The US Securities and Exchange Commission hopes to implement new climate change disclosure rules by the end of 2022.


It will likely be a long and contentious haul over the next few years before registered public companies must enhance the way they report climate-related financial risks and metrics to the US Securities and Exchange Commission.

The federal agency’s proposed climate-related disclosure rule, issued on March 21, follows its 2021 request to at least 43 companies for details on the significant risks emerging from the changing climate. Those inquiries—the most over the past 14 years, asked about a range of risks—from hurricanes to litigation to regulatory compliance costs. It followed the federal agency’s September 2021 publication of a list of requests it sent to executives related to a 2010 guidance document on climate-change disclosures.

Companies and industry associations will have at least until May 20 to lay out their concerns—whether on costs, feasibility or liabilities—with the requirements laid out in the giant 506-page document. If the rule kicks in by year’s end, as the agency wants, the first company reports would be due in 2024, covering data from the 2023 fiscal year.

Yet legal challenges are expected once the rule is finalized, particularly on the agency’s statutory authority to enact comprehensive climate disclosure regulations without approval from Congress.

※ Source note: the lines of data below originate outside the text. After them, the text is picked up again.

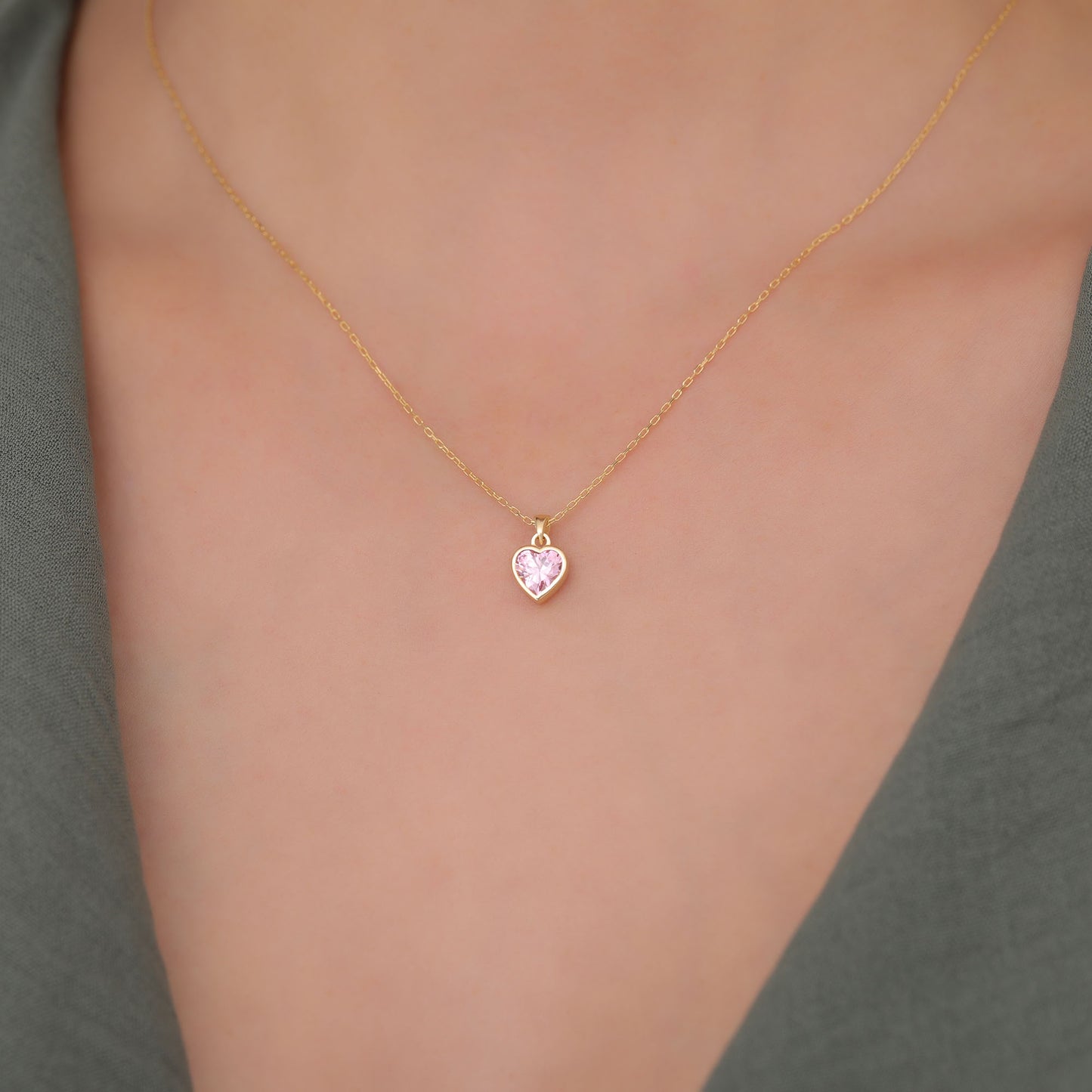 Heart Pink Tourmaline Bezel Necklace in 14K Solid Gold, October Birthstone Charm Pendant Queen Jewelry Necklace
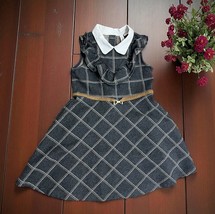 Janie and Jack Plaid Sleeveless belted Dress Ruffle Girls Size 5 collare... - $368.58 MXN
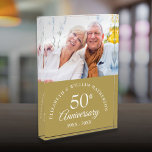 Elegant 50th Golden Wedding Anniversary  Photo Block<br><div class="desc">This chic 50th golden wedding anniversary keepsake can be personalised with the special couple's photo,  names and anniversary dates. Designed by Thisisnotme©</div>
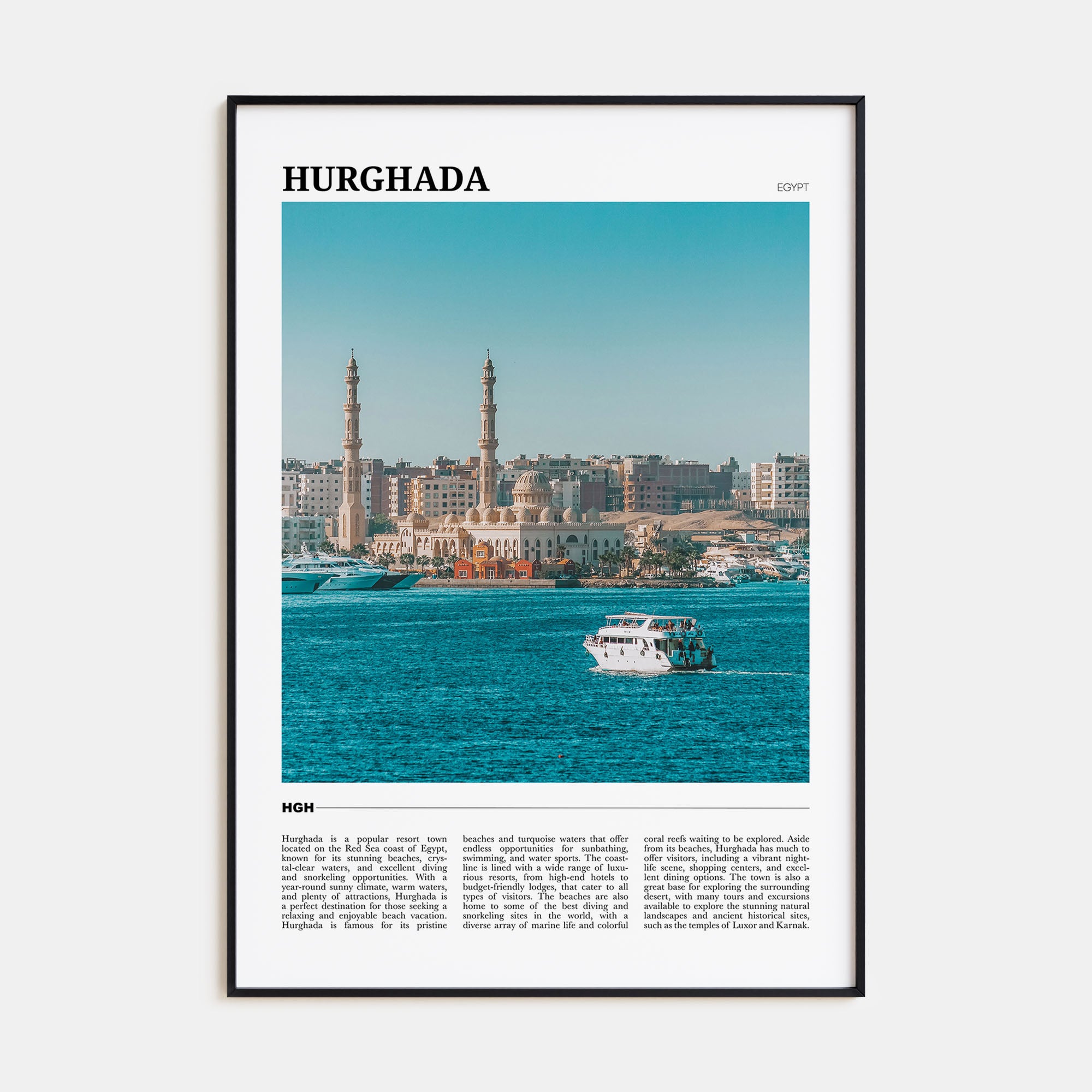 Hurghada Travel Color Poster
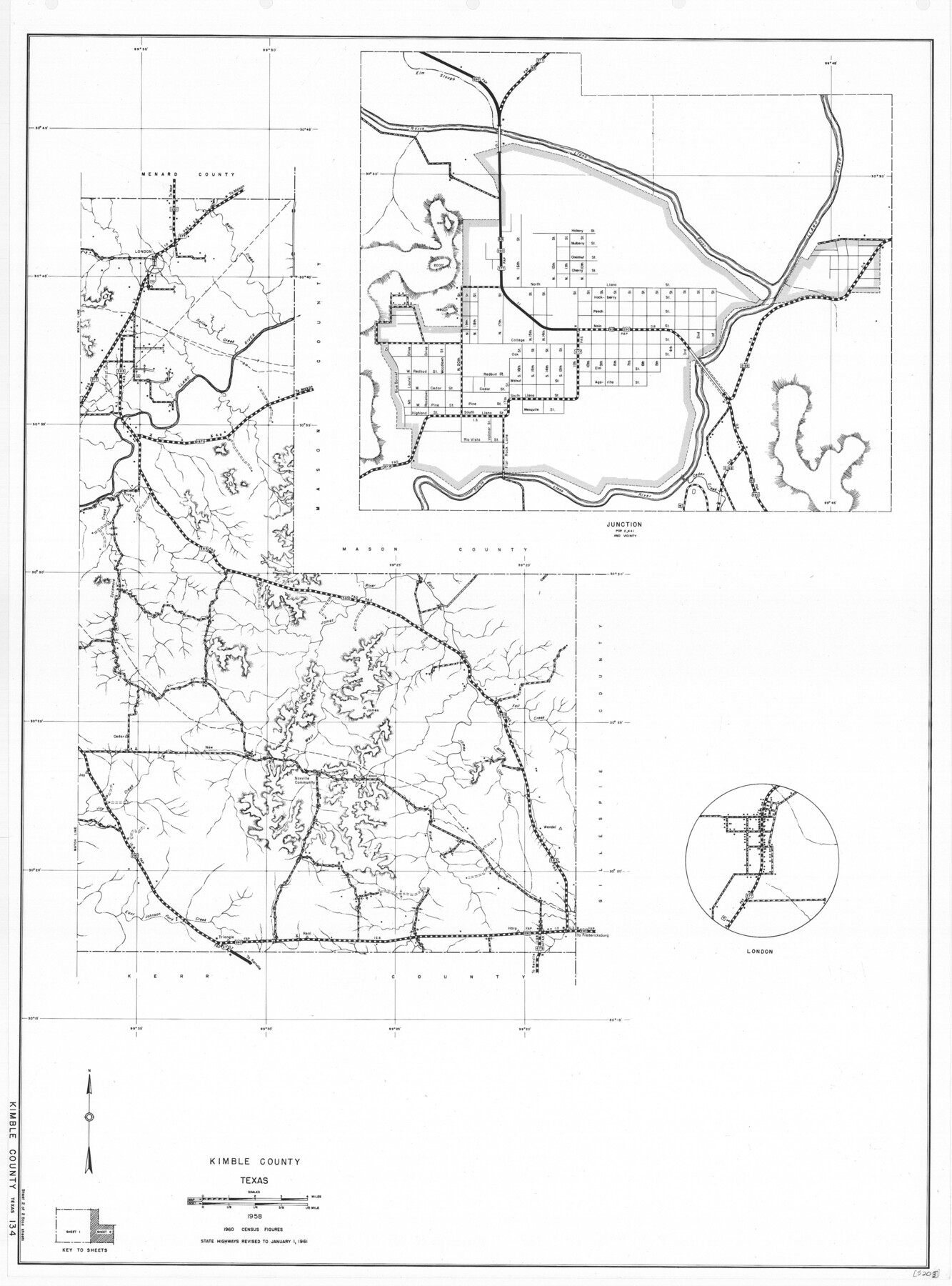 79554, General Highway Map, Kimble County, Texas, Texas State Library and Archives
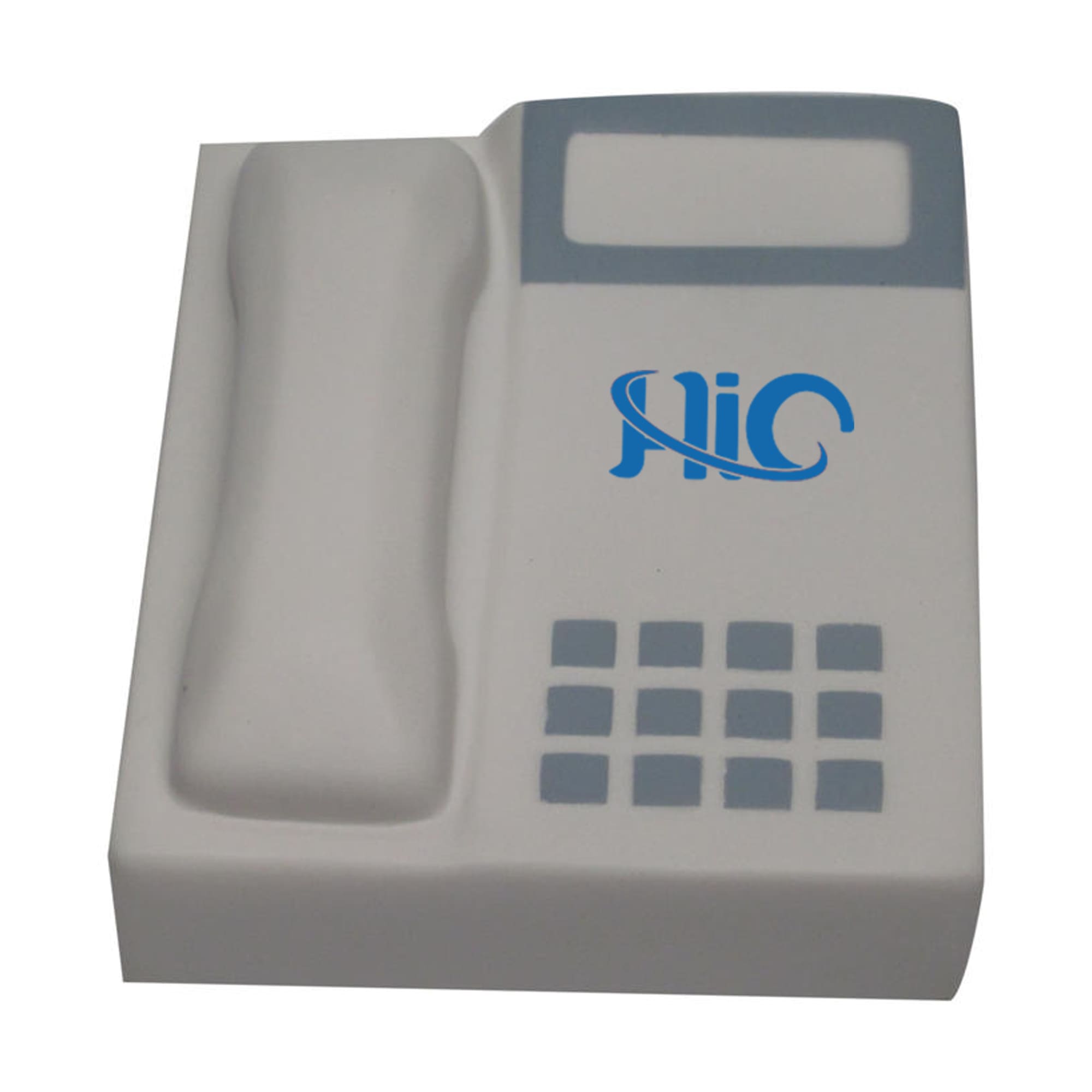 A telephone-shaped stress reliever in white with grey detailing and a logo. Designed as a fun stress keyring. Telephone Shape Stress Reliever - Image 1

In the proposal, the SEC notes that disclosures related to climate change have generally increased over the past dozen years. Yet the content, detail and location vary, whether in official reports filed with the commission or sustainability reports found on company websites. The current disclosure system is not turning out consistent, comparable and reliable information. 

Amber Fairbanks, portfolio manager at Mirova US, a sustainable-investment manager affiliated with Natixis Investment Managers, says investors are helped by comprehensive disclosure requirements that make it easier to compare data across companies. “We think it is important that there be regulation to standardize ESG data,” she says, “particularly given the amount of greenwashing that’s prevalent at the moment.”